Did you know that in Chicago roughly half of missing white cases were solved while less than a quarter of missing African American cases were solved in the same time frame? Although this data is for Chicago specifically, this is a common trend in the U.S. Most states have similar data. There is less representation in the media, fewer people are looking for these victims, and their lives are given less importance than white victims.

When you follow media and news, do you hear about missing white victims more? Or do you hear about minoritized missing victims? The answer is probably “missing white victims.” The reason for this is the Missing White Woman Syndrome, a term coined by the late Gwen Ifill to describe the media and public interest and persistence in finding missing white women while ignoring other cases that involve minoritized people.

Zack Sommers, a sociologist at Northwestern University, conducted a study in which the data showed white women are portrayed in news more than anyone else.
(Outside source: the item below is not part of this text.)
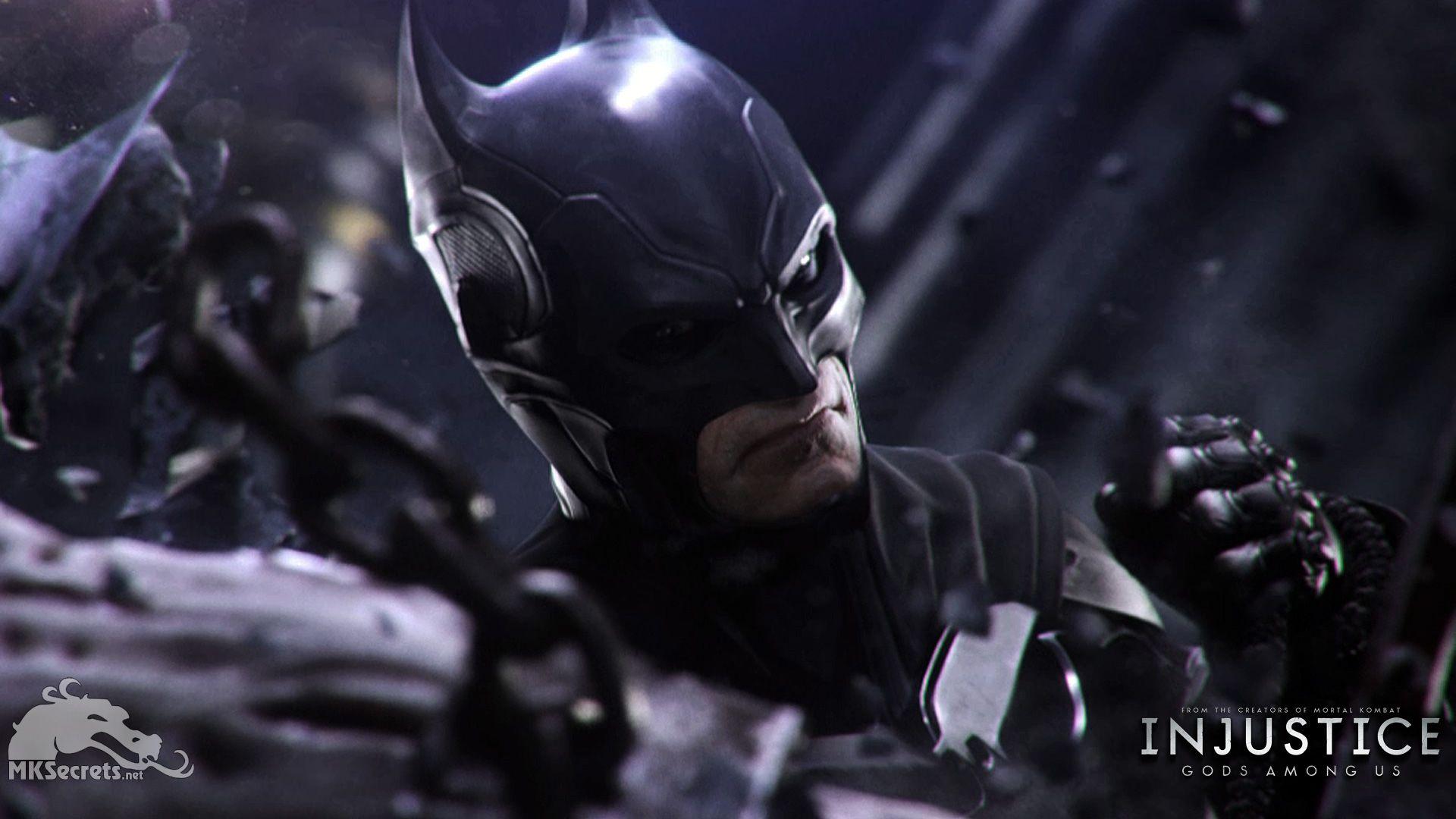 1920x1080 Injustice Gods Among Us Wallpaper Batman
Even though white women are only one-third of the population, “Half of the articles in the data set are just about white females alone,” Sommers said. This means the remaining articles included white men, minoritized men, and minoritized women who make up the majority of the population.
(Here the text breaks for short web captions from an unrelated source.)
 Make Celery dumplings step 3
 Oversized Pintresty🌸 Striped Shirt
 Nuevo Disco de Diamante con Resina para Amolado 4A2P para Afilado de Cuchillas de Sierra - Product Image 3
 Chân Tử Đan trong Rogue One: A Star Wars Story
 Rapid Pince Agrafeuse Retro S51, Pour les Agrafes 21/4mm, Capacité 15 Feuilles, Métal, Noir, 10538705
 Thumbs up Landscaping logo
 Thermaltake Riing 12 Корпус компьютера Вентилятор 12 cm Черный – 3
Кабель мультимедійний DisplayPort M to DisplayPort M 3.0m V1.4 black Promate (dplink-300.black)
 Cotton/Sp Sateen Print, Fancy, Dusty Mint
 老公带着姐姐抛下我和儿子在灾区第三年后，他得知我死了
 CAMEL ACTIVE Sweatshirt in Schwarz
It’s not just men and women, but minoritized boys and girls are missing at higher rates. According to the National Crime Information Center database, 37 percent of the cases are from the African American population even though they only account for 14 percent of the U.S. population. This data is very similar compared to the adults. These minoritized children receive fewer media coverage than white children. In Wyoming, 710 indigenous people, mostly girls, went missing within the past 10 years, and none of these cases received national media coverage. Most of the cases we hear about are white missing victims.

Some steps you can take:

  1. Pay attention to what stories are presented in the media, and question why some voices are left out. Once you realize the problem, you can act and help. Reach out to the media, and ask about those other voices.
  2. Fight for those voices that are being silenced, and spread the word. Share their names. Share their stories on social media, and talk about them with others. Retweet, like, share, and comment. Make the missing minoritized victims known.
  3. Guide people to resources that will help them. Many minoritized people don’t know what to do or don’t have the resources to act. They may not have financial resources or know how to file a missing report.
    1. The Black and Missing Foundation helps families through the missing person process by helping with the application, by spreading the word, and with anything that the family may need.
    2. The Jason Project also helps families through the process. The group provides more resources and support.
    3. The National Organization of Parents of Murdered Children provides emotional support, awareness, and financial support.
    4. Set up a Go Fund Me to help with the cost of an investigator and the missing person process.

There are many other foundations that can help families with just being aware, which could have a big impact on finding victims.